▸ **Task**: Print the whole listing again exactly as it stands, leaving out any images.

▸ **Dataset excerpt**:

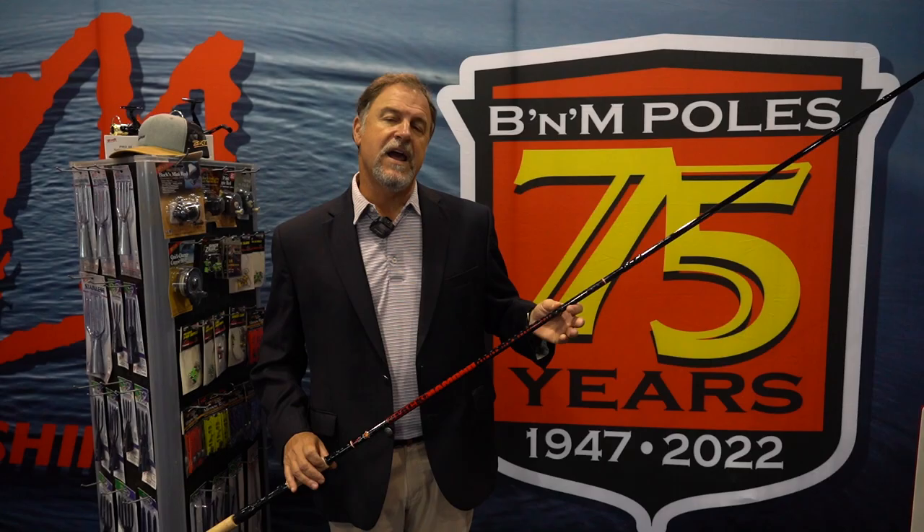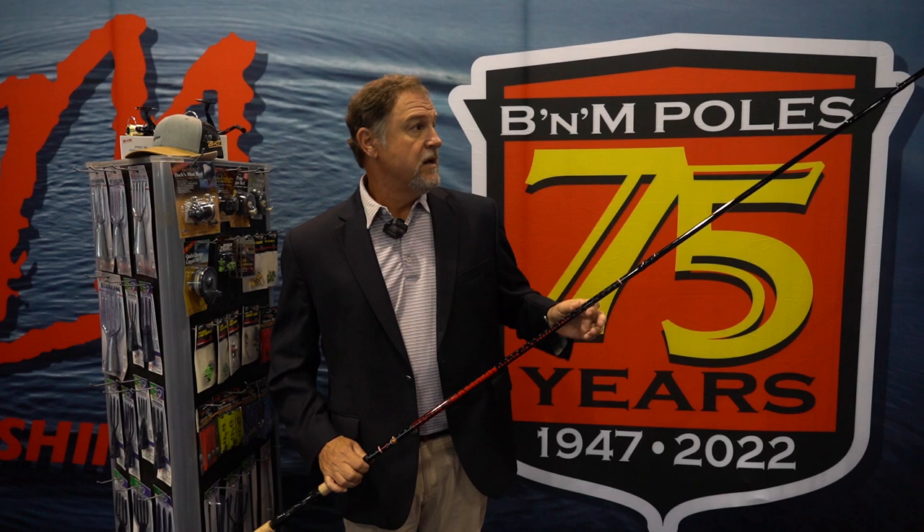Hey everyone. I want to talk to you a little bit today about our new item. This is the Black Diamond 18-footer, an 18-foot, three-piece pole designed to reach out there and help you with your live imaging fishing.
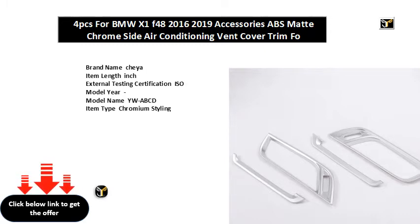Car model for BMW XF. Item height: inch. Item width: inch. Color: silver. Install the back with automotive adhesive tape.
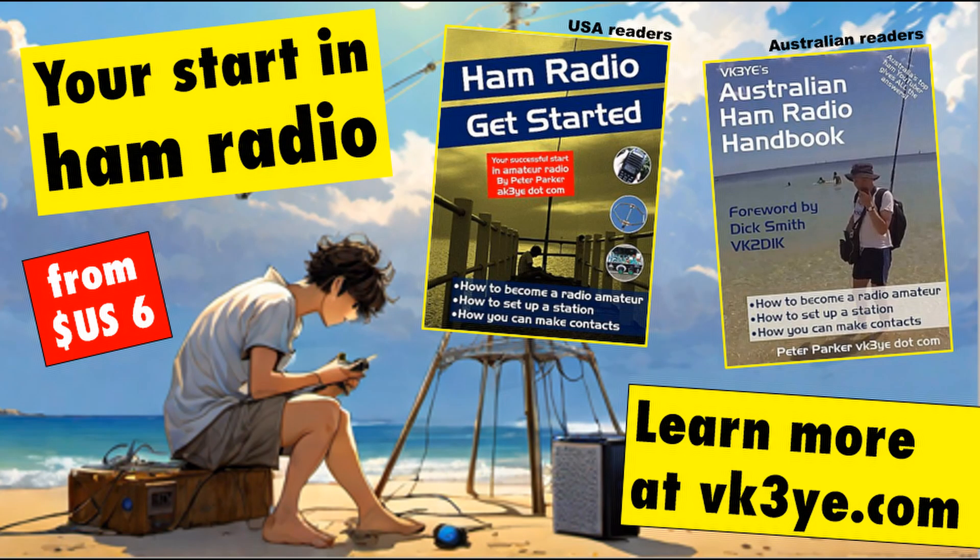That's our simple crystal set. If you build one like it, then let us know how you go in the comments. Enjoy these videos? Want to start in amateur radio? Well check out my books — Ham Radio Get Started for USA readers and the Australian Ham Radio Handbook for those in Australia. For more information visit my website vk3ye.com or search their titles on Amazon.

▸ **Solved exercise**:
Hey everyone. I want to talk to you a little bit today about our new item. This is the Black Diamond 18-footer, an 18-foot, three-piece pole designed to reach out there and help you with your live imaging fishing.
Car model for BMW XF. Item height: inch. Item width: inch. Color: silver. Install the back with automotive adhesive tape.
That's our simple crystal set. If you build one like it, then let us know how you go in the comments. Enjoy these videos? Want to start in amateur radio? Well check out my books — Ham Radio Get Started for USA readers and the Australian Ham Radio Handbook for those in Australia. For more information visit my website vk3ye.com or search their titles on Amazon.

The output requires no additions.